**The data:**
= = =
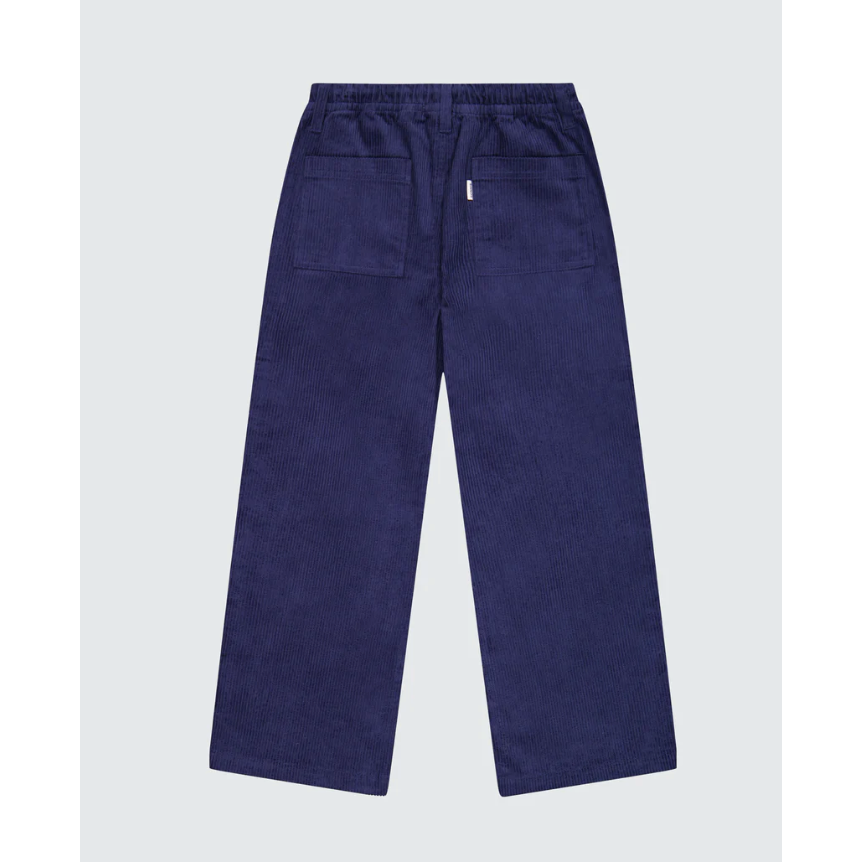 corduroy trousers | navy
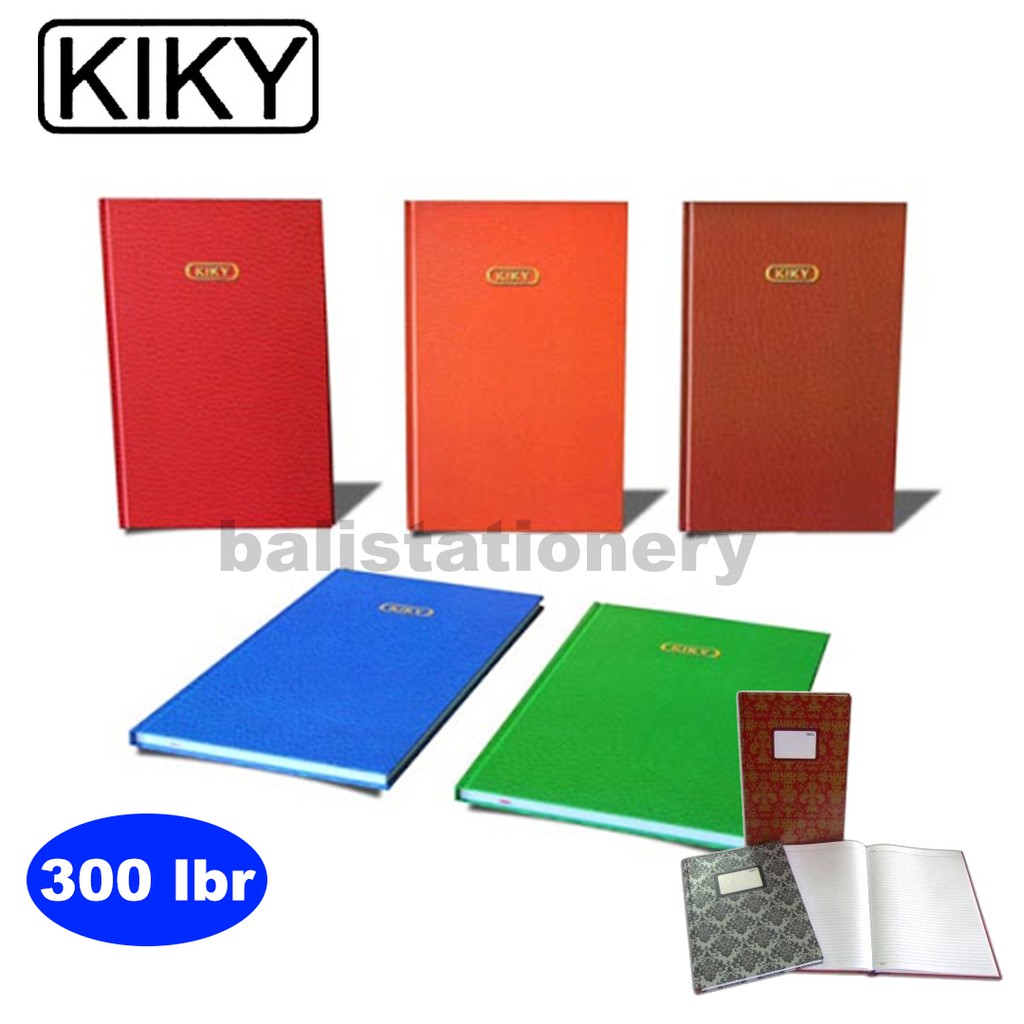 

Buku Folio Kiky isi 300lbr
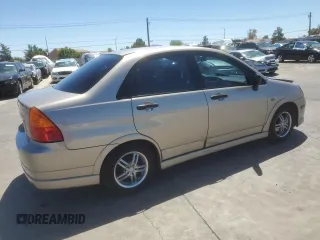 2006 Suzuki Aerio Premium z VIN JS2RA62S165300427, wystawiony jako Copart lot #57363605 z przebiegiem 141 824 mil mil oraz Szkoda całkowita • Salvage title. Historia ofert i sprzedaży dostępna na DreamBid. Obrazek 3.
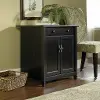 Black Utility Cabinet - Edge Water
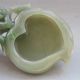 18 - 19th C.  Chinese Hetian Jade Carved Peach Brush Washer Other photo 9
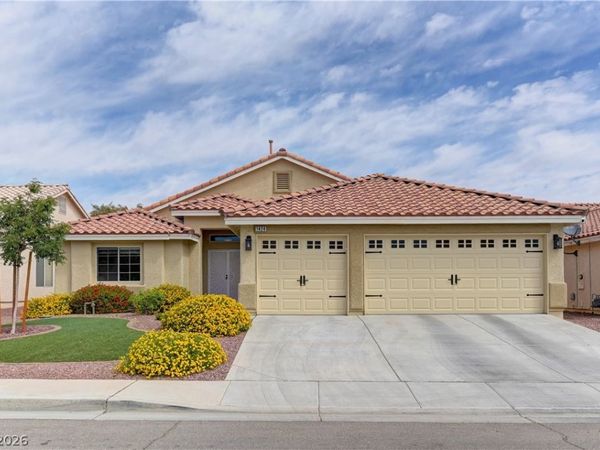 1424 Heather Grove Avenue , North Las Vegas, NV 89081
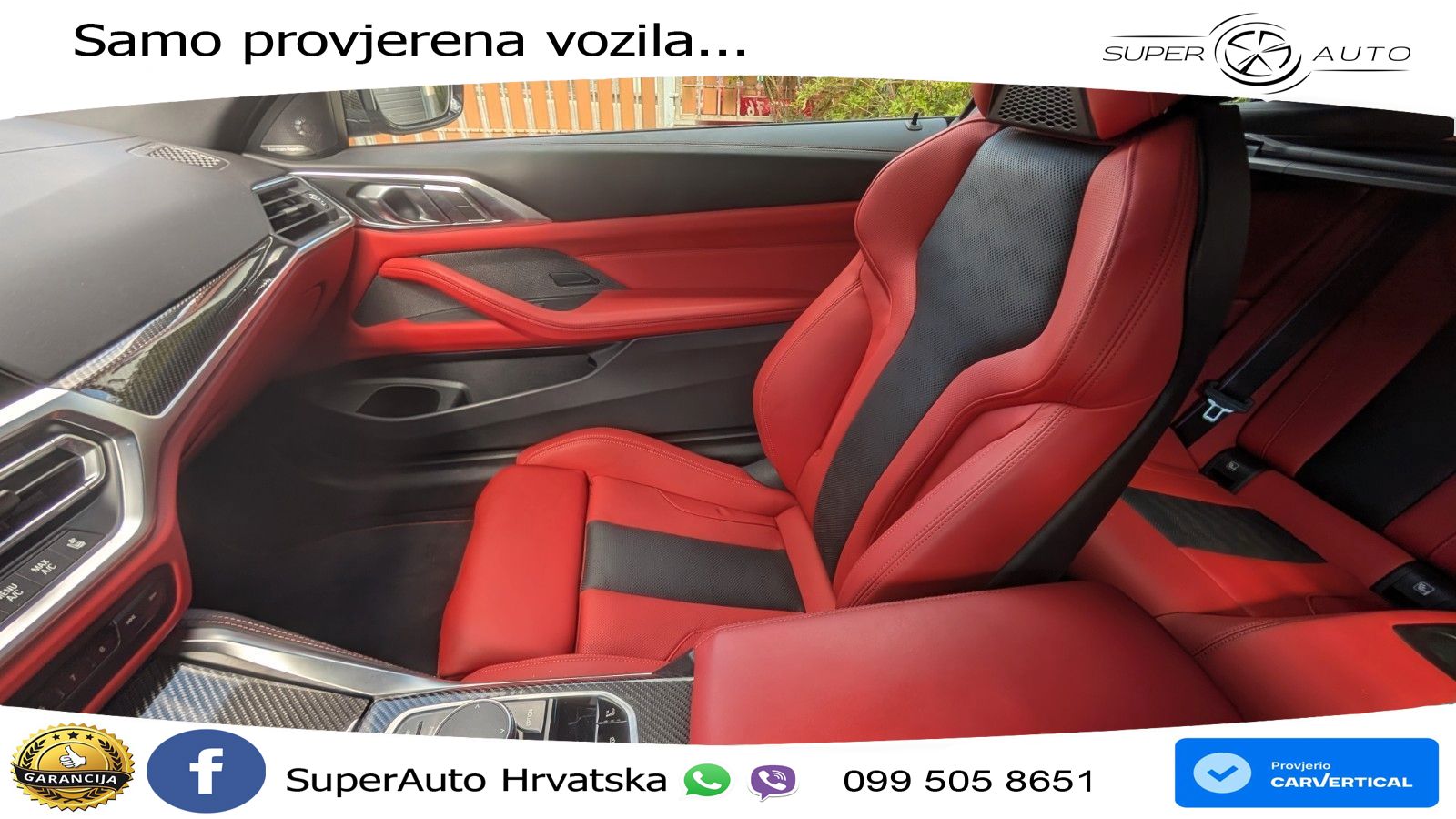 BMW M4 Convertible Competition 3.0 (510 KS) xDrive Steptronic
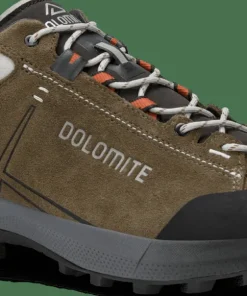 Dolomite Men's Vernale Hike Low GORE-TEX Shoes Mud Green Clearance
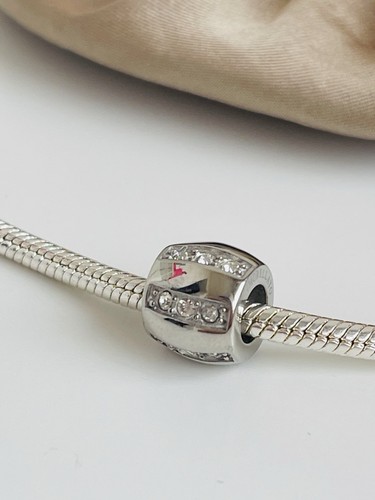 Charm morellato con cristalli - charm,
= = =
**Task:**
Word for word, retype the material above without its pictures.

**Answer for the task:**
 corduroy trousers | navy

Buku Folio Kiky isi 300lbr
 2006 Suzuki Aerio Premium z VIN JS2RA62S165300427, wystawiony jako Copart lot #57363605 z przebiegiem 141 824 mil mil oraz Szkoda całkowita • Salvage title. Historia ofert i sprzedaży dostępna na DreamBid. Obrazek 3.
 Black Utility Cabinet - Edge Water
 18 - 19th C.  Chinese Hetian Jade Carved Peach Brush Washer Other photo 9
 1424 Heather Grove Avenue , North Las Vegas, NV 89081
 BMW M4 Convertible Competition 3.0 (510 KS) xDrive Steptronic
 Dolomite Men's Vernale Hike Low GORE-TEX Shoes Mud Green Clearance
 Charm morellato con cristalli - charm,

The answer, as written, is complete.